Keşke Bahçeli rakiplerini suçlayacağına kendine nerede hata yaptım sorusunu  sorsaydı. Bugün paralel iddialarından medet umacak, yol arkadaşlarını suçlayacak duruma düşmezdi. İflah olmaz MHP düşmanlarının bugün arkasında saf bağlaması herhalde kendisi için yeterince aşağılayıcıdır.

Her şeye rağmen Bahçeli’nin yine de bir şansı vardı, o şansını da rakiplerine karşı  MHP düşmanı medyadan  aldığı desteklerle oluşturduğu ortak cephe ile yitirdi. Düne kadar işi gücü MHP’ye sövmek olan kimi gazetecilerin desteği  Bahçeli’ye olan güveni sarstı, tabanın gözünde şüpheli duruma düşmesine neden oldu.

Devlet tecezzi kabul etmeyen bir aygıttır. Ne içinde oluşan paralel oluşumlara, ne de dışında teşekkül eden Özerk yapılara cevaz vermez. Ancak bu tür yapıların üzerine gidilirken top yekün bir muhalefeti hedef almak hem tüm paralel iddialarını anlamsızlaştırır, hem de ülkeyi diktatörlüğe götürür. Muhalefetin olmadığı yerde demokrasi de yoktur. Kaldı ki devlet içinde devlet olmak sadece şu veya bu cemaate mahsus bir keyfiyet değil, örgütlenen, kitleleşen, büyüyen her toplum kümesine ait bir keyfiyettir. Dolayısıyla herhangi bir cemaate özgüllenemez. Bir parti, bir dernek, bir çete, bir  STK da pekala devlet içinde devlet olma amacı güdebilir. Bu tip yapılarla -suça bulaşanlarla-sınırlı olmak şartıyla mücadele şarttır. Cepheyi genişletmek bir çok haksız uygulamaya, adaletsizliğe, zan ve iftiranın hakikatin yerini almasına neden olabilir. Bu da bir sürü hoşnutsuz, mağdur, gadre uğramış insan demektir. Nitekim, o hale geldi ki neredeyse ülkenin yarısı  paralel ilan edildi. At izi it izine karıştı, paralel suçlamaları muhalefeti büyüten bir araca dönüştü.

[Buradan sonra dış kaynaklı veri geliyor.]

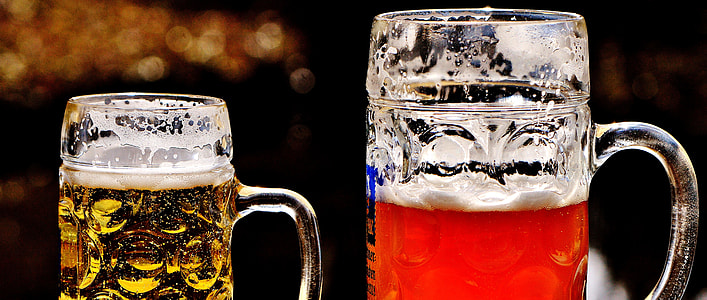 two clear glass beer mugs filled with beverages thumbnail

Bahçeli’nin Meral Akşener’le ilgili söyledikleri de öyle. Muhtemelen paralel yargılamaları gündemde olmasa Bahçeli başka bir suçlamada bulunacaktı. Tıpkı geçmişte siyasi hasımlarına ajan, casus, provokatör, proje dediği gibi... Günümüzün öcüsü paralel olduğu için o da aynı iddiaya sığındı.

Bir parti liderinin koltuğunu korumak için mücadele etmesi anlaşılır bir şeydir, ama inandırıcılıktan uzak bir iddiaya sığınması, MHP’nin hasımlarını yanına alarak parti içi muhalefete savaş ilan etmesi kendisi açısından bir itibar kaybıdır. Keşke Sayın Bahçeli bugün koltuğunu korumak için gösterdiği çabanın milyonda birini dün Öcalan’ın asılması ve ülke menfaatleri için gösterebilseydi. Keşke koltuğu için gösterdiği gayreti iktidar olmak için gösterebilseydi. Milletin kendisine verdiği sorumluluğu çar çur etmeseydi. Bugün verilen her şehitte  çözüm süreci kadar Öcalan’ı affedenlerin sorumluluğu da vardır.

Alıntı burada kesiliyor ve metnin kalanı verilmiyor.